This project aims to create a simple method for researchers to extract the relevant data for their needs from the SRA metadata dumps found here:
ftp://ftp.ncbi.nlm.nih.gov/sra/reports/Metadata/
Thereby giving individuals a tool which can ensure they are using the most recent dataset.
The metadata dumps (.tar.gz files) contain millions of directory's each with a set of xml files that may include:
- *.experiment.xml
- *.run.xml
- *.sample.xml
- *.study.xml
- *.submission.xml
The idea is to specify which data is of interest within each xml file (using an XPath like strategy) and the program will generate a .csv file (for now) for each corresponding xml document type (experiment.xml, run.xml ...). Each row in the csv file pertains to one group of associated data that has been specified by the user (with in the compiled program).
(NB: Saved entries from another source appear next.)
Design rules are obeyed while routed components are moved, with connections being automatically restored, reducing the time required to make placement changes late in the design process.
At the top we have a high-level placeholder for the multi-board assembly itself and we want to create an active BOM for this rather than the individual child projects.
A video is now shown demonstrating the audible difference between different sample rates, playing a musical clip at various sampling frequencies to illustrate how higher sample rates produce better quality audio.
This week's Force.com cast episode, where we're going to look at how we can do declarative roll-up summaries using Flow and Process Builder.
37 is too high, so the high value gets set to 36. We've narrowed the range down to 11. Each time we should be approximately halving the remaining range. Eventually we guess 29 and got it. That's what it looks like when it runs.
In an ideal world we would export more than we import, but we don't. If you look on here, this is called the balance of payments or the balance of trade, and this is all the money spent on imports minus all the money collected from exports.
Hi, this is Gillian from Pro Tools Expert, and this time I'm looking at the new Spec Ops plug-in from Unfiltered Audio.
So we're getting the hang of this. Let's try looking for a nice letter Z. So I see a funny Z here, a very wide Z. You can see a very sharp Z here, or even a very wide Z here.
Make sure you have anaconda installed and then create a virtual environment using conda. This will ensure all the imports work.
At the time if writing (21/12/2020) this example program parses the entire SRA metadata dump under 15min on a 2.50Ghz i7 processor using ~3mb of RAM under 15min.
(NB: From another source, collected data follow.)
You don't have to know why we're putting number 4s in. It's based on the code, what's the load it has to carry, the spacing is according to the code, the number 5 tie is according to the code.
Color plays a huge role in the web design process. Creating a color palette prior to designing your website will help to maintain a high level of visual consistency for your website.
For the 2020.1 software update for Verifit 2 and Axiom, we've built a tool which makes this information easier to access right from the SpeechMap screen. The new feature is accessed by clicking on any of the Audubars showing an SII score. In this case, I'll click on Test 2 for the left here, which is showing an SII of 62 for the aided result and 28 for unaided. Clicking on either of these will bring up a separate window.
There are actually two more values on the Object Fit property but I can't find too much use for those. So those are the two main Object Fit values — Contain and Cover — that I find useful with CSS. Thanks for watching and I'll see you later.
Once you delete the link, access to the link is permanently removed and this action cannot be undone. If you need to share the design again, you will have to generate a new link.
I intend to develop this project into a SRA metadata dump -> SQL database program. After which I will split of the lower level functionality into another package which will expose an api allowing much more customisation and targeted data extraction, this will be beneficial for those who only want to extract very specific info, which will vastly speed up data extraction time.
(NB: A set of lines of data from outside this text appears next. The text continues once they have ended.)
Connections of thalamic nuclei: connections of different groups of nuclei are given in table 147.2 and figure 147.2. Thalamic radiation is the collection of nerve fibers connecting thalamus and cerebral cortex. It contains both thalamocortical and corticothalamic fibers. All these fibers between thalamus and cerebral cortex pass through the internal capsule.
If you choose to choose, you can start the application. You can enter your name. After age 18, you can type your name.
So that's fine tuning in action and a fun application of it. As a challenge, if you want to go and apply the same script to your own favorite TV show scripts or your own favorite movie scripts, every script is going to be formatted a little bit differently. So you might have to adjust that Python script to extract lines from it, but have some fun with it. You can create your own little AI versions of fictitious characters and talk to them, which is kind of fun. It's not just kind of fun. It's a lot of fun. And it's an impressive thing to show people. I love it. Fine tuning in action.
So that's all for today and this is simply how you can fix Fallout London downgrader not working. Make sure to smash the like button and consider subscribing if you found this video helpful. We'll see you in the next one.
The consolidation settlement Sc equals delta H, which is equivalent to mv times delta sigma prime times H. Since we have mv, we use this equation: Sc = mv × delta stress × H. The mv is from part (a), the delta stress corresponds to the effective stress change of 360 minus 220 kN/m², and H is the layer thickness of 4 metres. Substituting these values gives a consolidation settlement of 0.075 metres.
sra_metadata_parser --file <file> --destination <destination>
sra_metadata_parser -f NCBI_SRA_Metadata_Full_20201006.tar.gz -d ./
Install Rust: https://www.rust-lang.org/tools/install
git clone https://github.com/jamespeterschinner/sra_metadata_parser
cargo build --release
~/sra_metadata_parser/target/release/sra_metadata_pipeline
This project is currently 'good enough' code, which in part is a proof of concept
aimed at solving a particular problem (extracting relevant sra metadata) in a timely
manner. In order to achieve this goal the use of unsafe
code with pointers of 'static
life time to a Vec<'a, u8>
is used. Currently the implementation checks at runtime that
the capacity of this vec does not change, which would mean the unsafe pointers are now invalid.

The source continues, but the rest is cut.